Segment Open

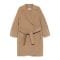 Manteau pour Femmes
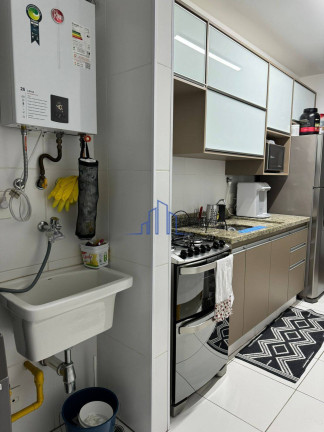 Imagem Apartamento com 3 Quartos para Alugar, 74 m² em Melville Empresarial I E Ii - Barueri Imagem Apartamento com 3 Quartos para Alugar, 74 m² em Melville Empresarial I E Ii - Barueri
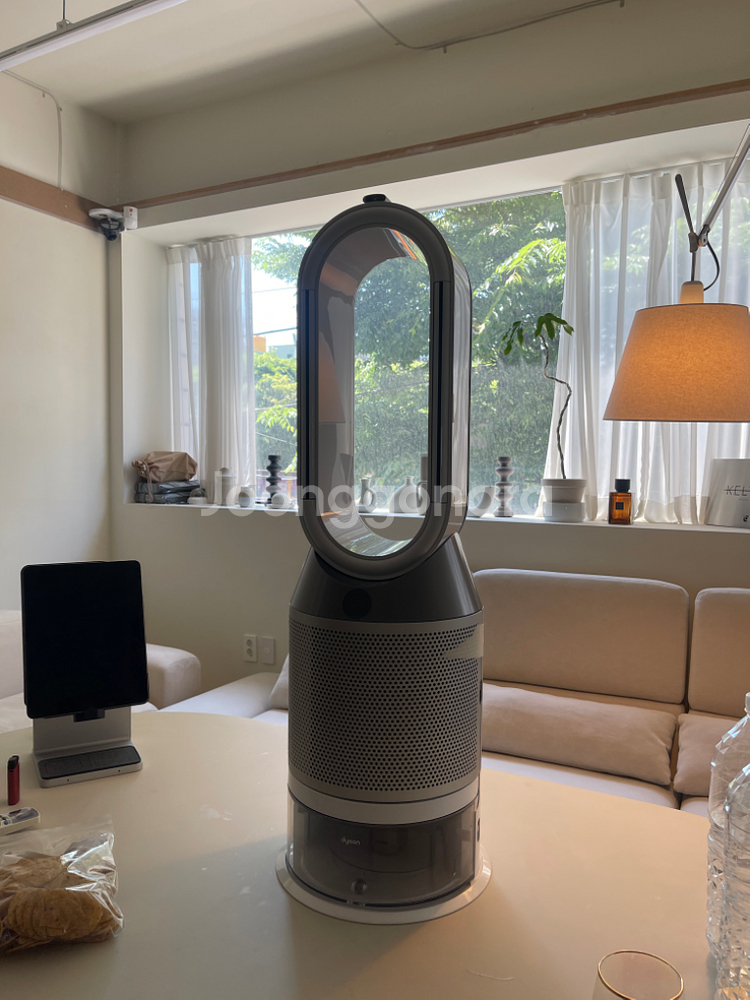 다이슨 공기청정기 판매합니다--1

Segment Closed

Your output must consist only of the lines from the line with "- Barueri Imagem" through the final line of the data, both included, reproduced exactly and free of pictures.

 Imagem Apartamento com 3 Quartos para Alugar, 74 m² em Melville Empresarial I E Ii - Barueri Imagem Apartamento com 3 Quartos para Alugar, 74 m² em Melville Empresarial I E Ii - Barueri
 다이슨 공기청정기 판매합니다--1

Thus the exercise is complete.